Les paroles des Rembrandts, dans toute leur immédiateté et leur assaisonnement mélodique power pop à en vomir, font office de déclaration d’intention des premières saisons, avant de se voir dévoyées par le processus de normalisation des personnages. Tant que les aléas de la vie (chômage, recherche d’apparts, galères sentimentales…) se précipitent à ton chevet, tu peux toujours compter sur ta bande de potes.

Mais dès que tu décides de renier tes idéaux pour mieux te plier aux conventions de la vie adulte, c’est chacun pour sa gueule. A compter de sa saison 6 (année a priori maudite pour les sitcoms au long cours, si l’on en croit le renoncement encore plus spectaculaire de How I Met your Mother au gré de l’arc narratif principal de sa sixième année – la destruction de l’immeuble The Arcadian), Friends entame une descente progressive, quasi imperceptible vers la trahison quasi-totale de ses prémisses.

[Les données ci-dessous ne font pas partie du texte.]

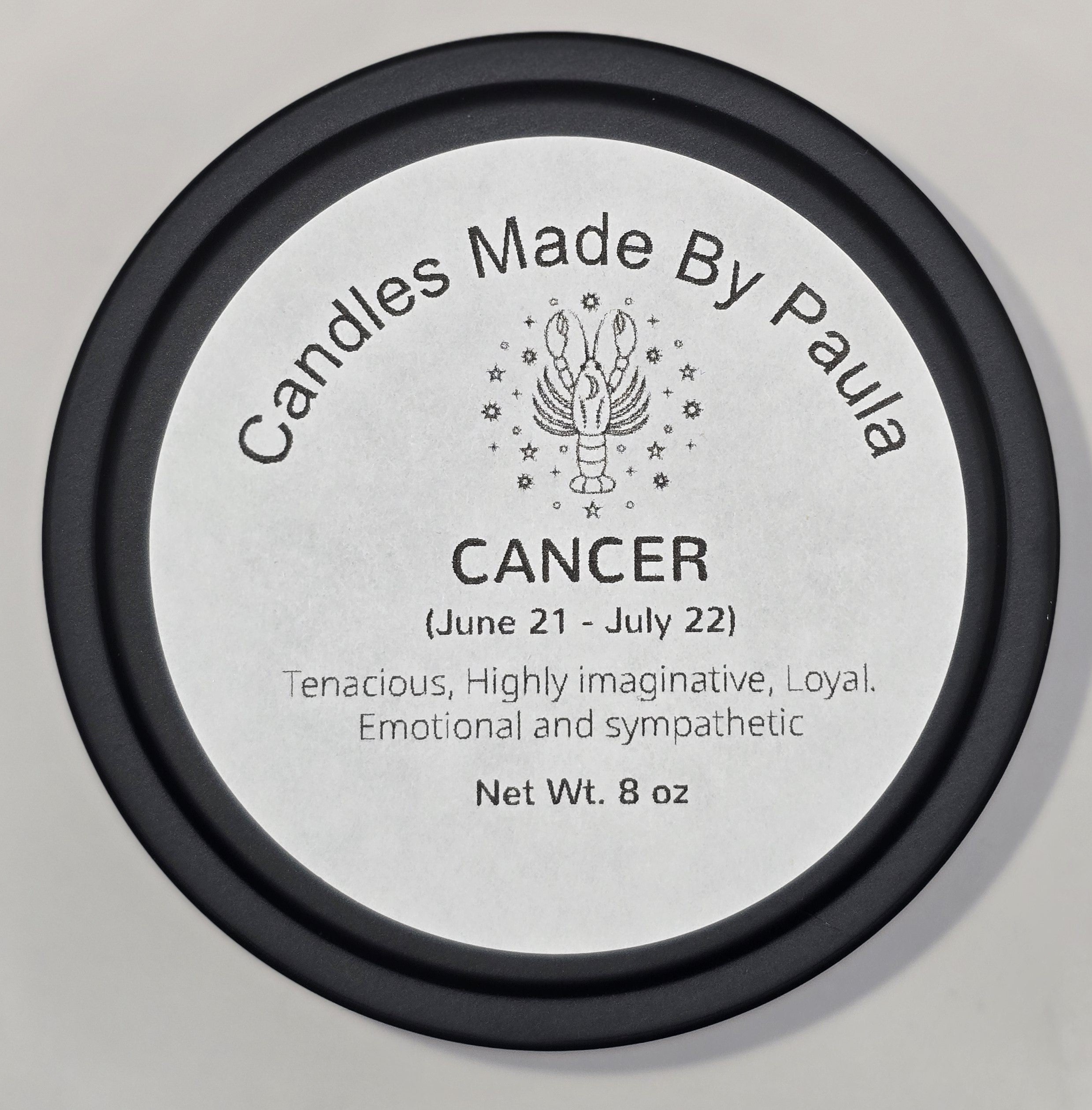 Cancer zodiac candle in silver - water sign aromatherapy candle for June 21 to July 22
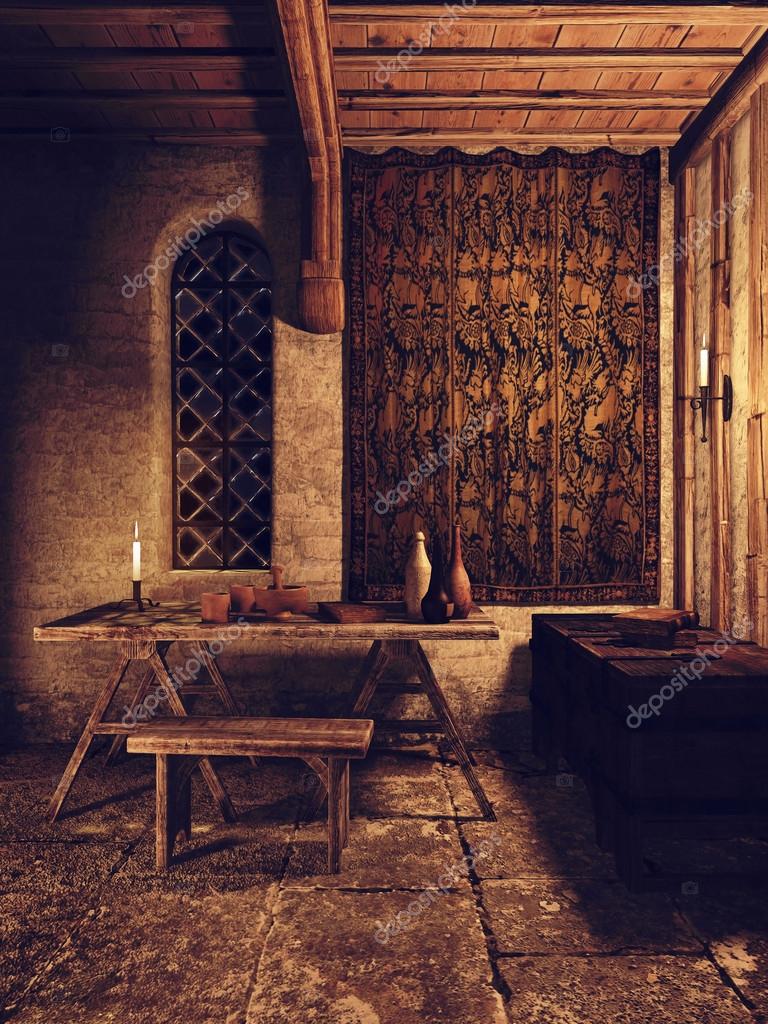 Medieval room with a table and wooden chest Stock Photo by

Soit, à l’origine, le quotidien de six personnages sur la fin de leur vingtaine, à ce stade de la vie où l’on a encore le droit d’être un loser selon les canons sociétaux des années 90 :

  •  Monica Geller, ancienne boulimique reconvertie dans la restauration, animée par un esprit de compétition profondément malsain qui atteindra d’insupportables apogées dans les dernières saisons, joue pourtant le rôle de ciment du groupe grâce au superbe appartement hérité de sa grand-mère
  •  Rachel Greene, fille de riche prise d’un sursaut de conscience le jour de son mariage avec un dentiste richissime, décide de pourvoir elle-même à ses besoins et de rencontrer l’amour, le vrai
  •  Phoebe Buffay, ex gosse des rues au père fuyard et à la mère suicidée, a apparemment échappé de peu au destin de mass murderer en devenant tour à tour coloc de Monica, masseuse et chanteuse amateur – de loin le personnage le plus intéressant du show, jusqu’à ses compromissions éthiques de l’ultime saison
  •  Chandler Bing, lui aussi traumatisé, mais par une mère nympho et un père travesti, compense son mal-être par un humour déplacé et en privilégiant systématiquement une carrière confortable à ses authentiques aspirations
  •  Joey Tribbiani, homme à femmes (normal, il est d’origine latine), comédien lamentable, voit son idiotie congénitale sans cesse soulignée par le groupe, et ce alors qu’il en demeurera l’ultime reliquat d’intégrité (ceci expliquant SANS DOUTE cela)
  •  Et enfin Ross Geller, a priori le plus adulte de la bande de par son statut tant professionnel que de jeune divorcé, gaspille un temps précieux à s’apitoyer sur son sort suite à l’échec de son mariage et tente de séduire Rachel avec la finesse d’un tractopelle rouillé

Tous plus ou moins paumés, ils forment néanmoins un tout homogène, squattant plus que de raison les uns chez les autres. La matrice de Friends est le groupe. Livrés à eux-mêmes, les personnages s’embourbent dans des situations inextricables et réagissent n’importe comment. Ce n’est qu’ensemble, au Central Perk ou dans leurs appartements, qu’ils parviennent à avoir du recul, qu’ils redeviennent sympathiques et suscitent l’empathie recherchée par tout créateur de sitcom des années 90 autre que Jerry Seinfeld.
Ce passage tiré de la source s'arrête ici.